▸ **Work order**
Without the pictures, give the entries below again exactly as written.

▸ **Available data**
::::::::::

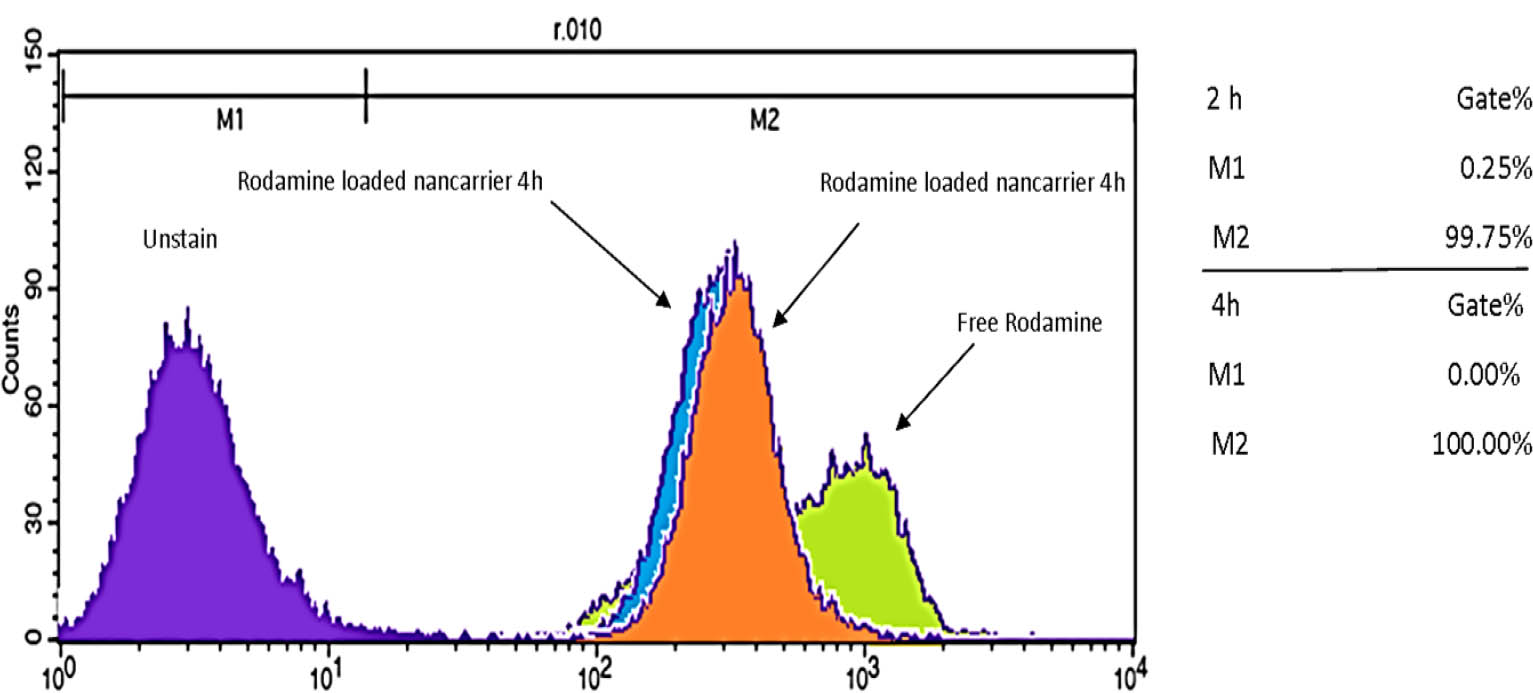 Figure 3 Cellular uptake as a percentage of DOX-nanocarrier by MCF-7 cells, 2 and 4 hours after treatment.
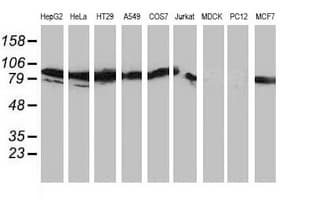 PRKCE / PKC-Epsilon Antibody (clone OTI4G8)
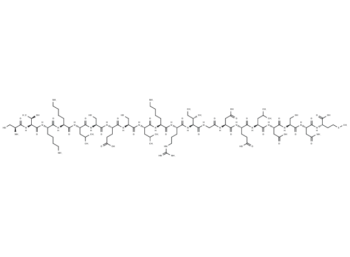 Bax BH3 peptide (55-74), wild type
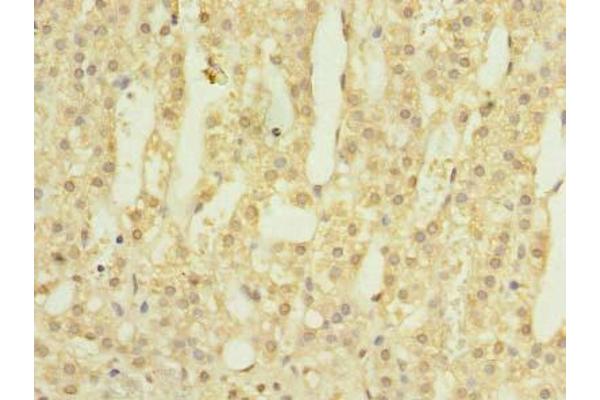 LOH12CR1 antibody  (AA 1-196)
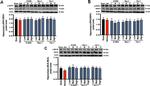 Phospho-MLKL (Ser358) Antibody in Western Blot (WB)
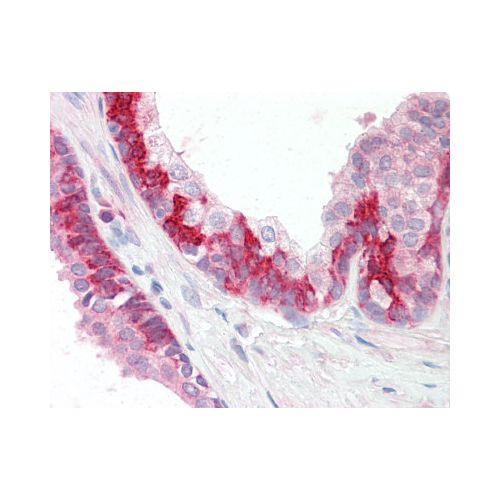 KEAP1 (C-Terminus) antibody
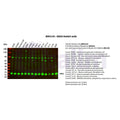 U-Blot® NRAS Rabbit Monoclonal Antibody – Figure 1 of 2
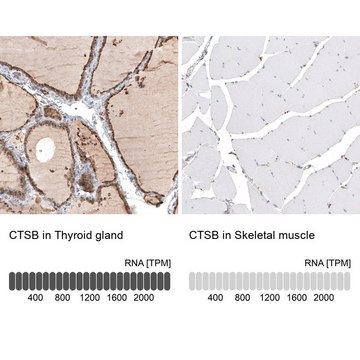 Anti-CTSB antibody produced in rabbit Prestige Antibodies&#174; Powered by Atlas Antibodies, affinity isolated antibody, buffered aqueous glycerol solution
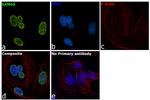 SAM68 Antibody in Immunocytochemistry (ICC/IF)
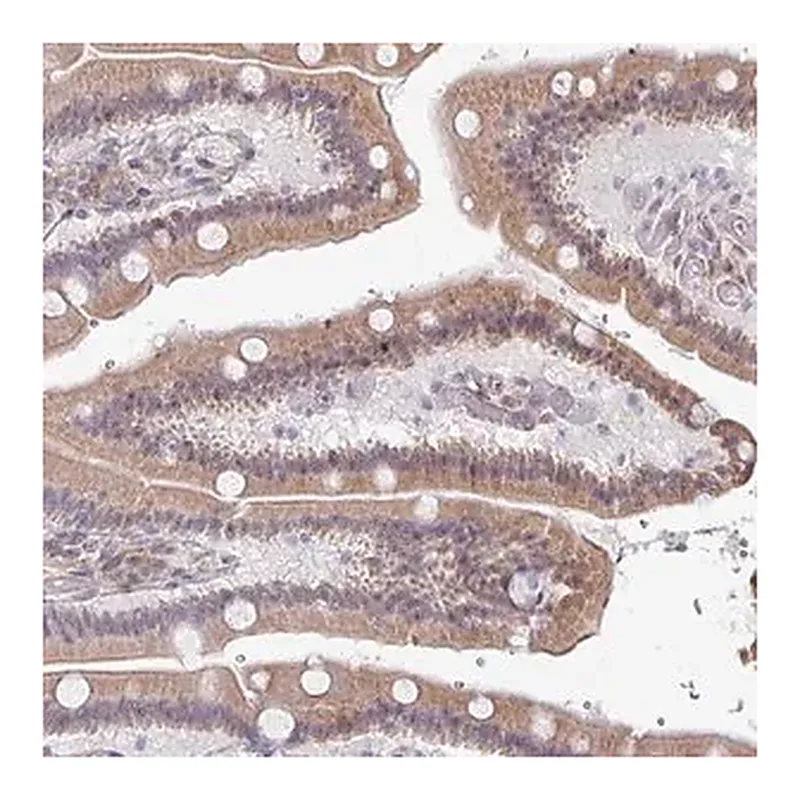 Merck Anti-TMED5 antibody produced in rabbit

::::::::::

▸ **Written reply**
 Figure 3 Cellular uptake as a percentage of DOX-nanocarrier by MCF-7 cells, 2 and 4 hours after treatment.
 PRKCE / PKC-Epsilon Antibody (clone OTI4G8)
 Bax BH3 peptide (55-74), wild type
 LOH12CR1 antibody  (AA 1-196)
 Phospho-MLKL (Ser358) Antibody in Western Blot (WB)
 KEAP1 (C-Terminus) antibody
 U-Blot® NRAS Rabbit Monoclonal Antibody – Figure 1 of 2
 Anti-CTSB antibody produced in rabbit Prestige Antibodies&#174; Powered by Atlas Antibodies, affinity isolated antibody, buffered aqueous glycerol solution
 SAM68 Antibody in Immunocytochemistry (ICC/IF)
 Merck Anti-TMED5 antibody produced in rabbit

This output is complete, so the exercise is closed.